When I read here of unschooling, I recognize that I have unschooled myself all my life in addition to attending regular school.

I read Moby Dick for pleasure in 2nd grade: I wanted to read about whales, and I had exhausted the children's section of the library. Did I get it all? No. But I learned a lot about whaling, much vocabulary, etc. And I've re-read Moby Dick several times over the decades.

In 7th grade, I taught myself inorganic chemistry. I built up a huge chemistry set, grew large crystals, etc. When I took chemistry in 10th grade, I knew more than the teacher: but I learned many other chemistry principles anyhow.

I had a knack for math: the good background I got from my suburban school prepared me for recreational math in 11th grade, especially Martin Gardiner's Mathematical Games columns in Scientific American (which I started reading at age 10.)

And I haven't stopped: at age 53 I'm still picking up new subjects. Just recently I've changed from computer programming (which I taught myself) to teaching math in public schools.

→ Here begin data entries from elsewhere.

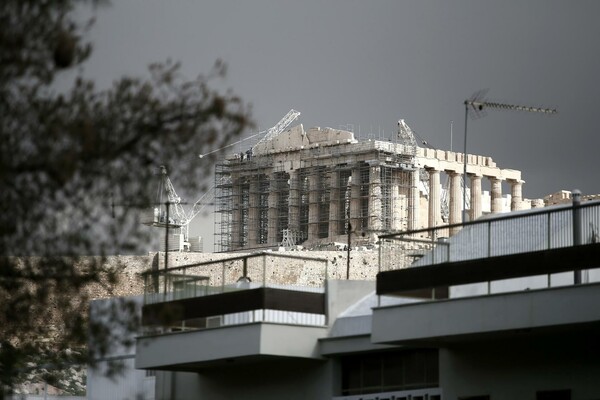 Η συνάντηση ΑλέξηΤσίπρα - Μίκη Θεοδωράκη στο σπίτι με την υπέροχη θέα στην Ακρόπολη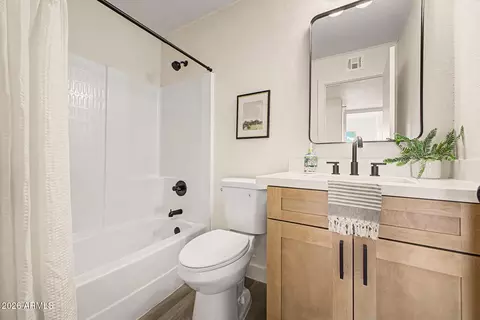 Bath - 3911 N 87th Ave, Phoenix, AZ 85037 photo 1 of 2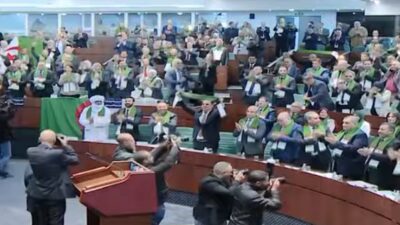 Stockholm, 25 Aralık (Hibya) - Cezayir parlamentosu, Kuzey Afrika devletinin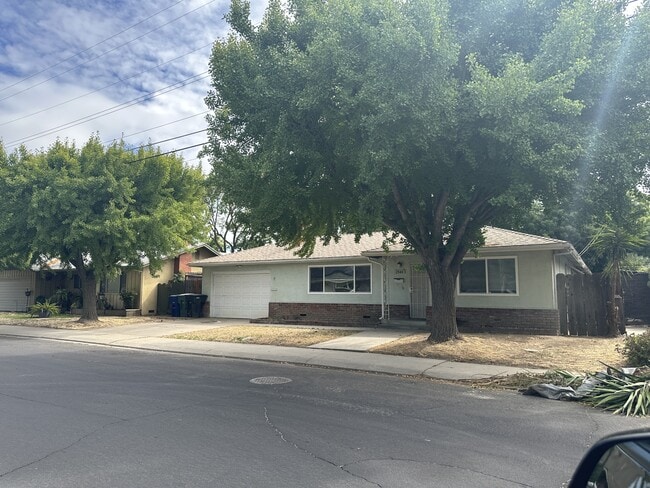 1540 Goldenwood Dr in Modesto, CA - Building Photo - Building Photo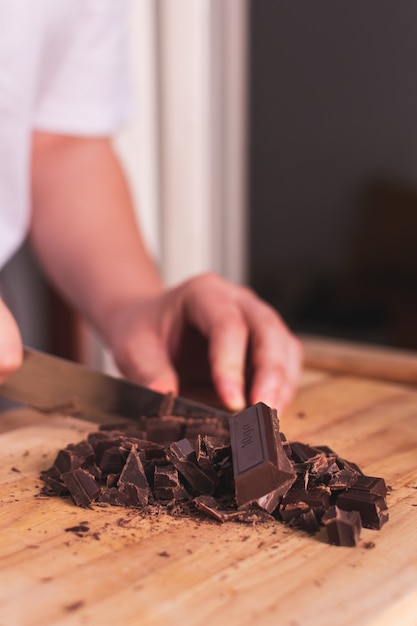 Zdjęcie cięcie czekolady na drewnianej desce
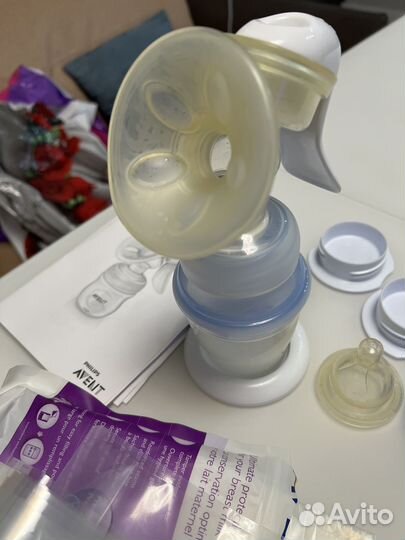 Молокоотсос avent ручной
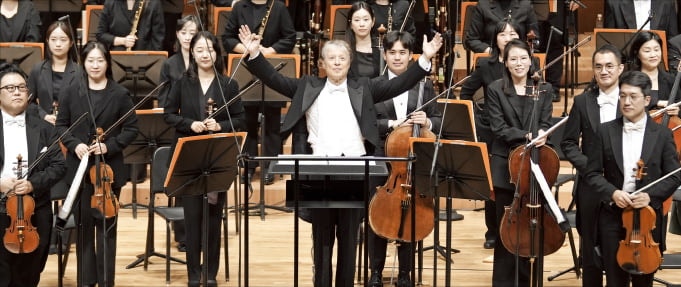 국립심포니 새 지휘자 아바도…'伊 클래식'으로 첫 인사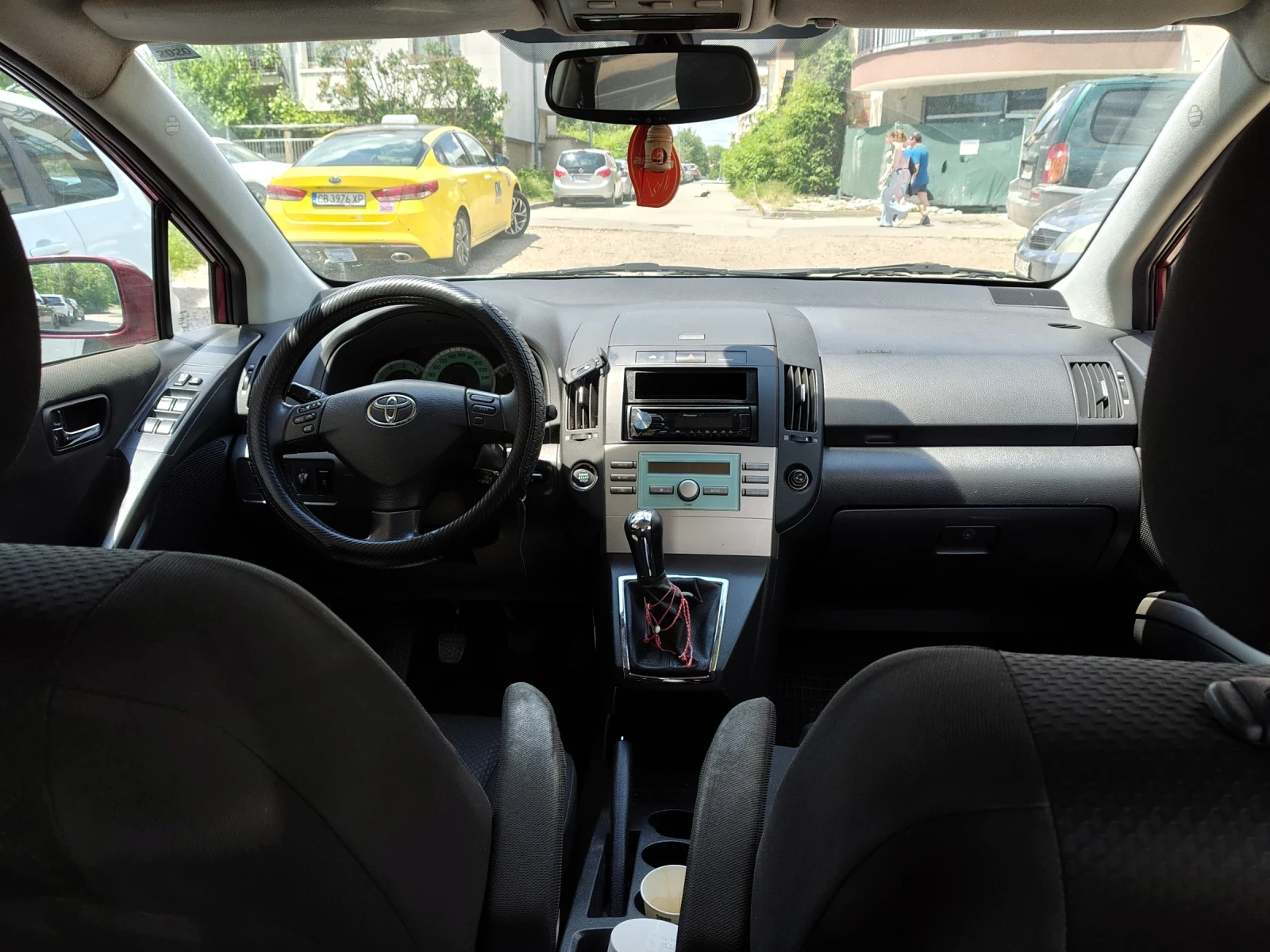 Toyota Corolla verso, снимка 7 - Автомобили и джипове - 54677487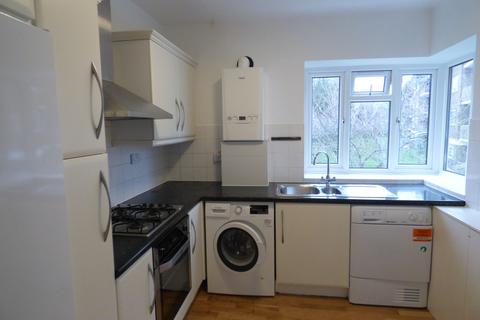 3 bedroom flat to rent, Helena Court, Eaton Rise, Ealing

My point is that I'm an example that some students will educate themselves whether they are schooled, unschooled, or both. But the problem with self-directed study is that the student doesn't know what to learn as well as somebody experienced does, such as a curriculum designer. I was a very good programmer, but I found out late in my career that I could have been much better if I had learned the subject more broadly and in less depth.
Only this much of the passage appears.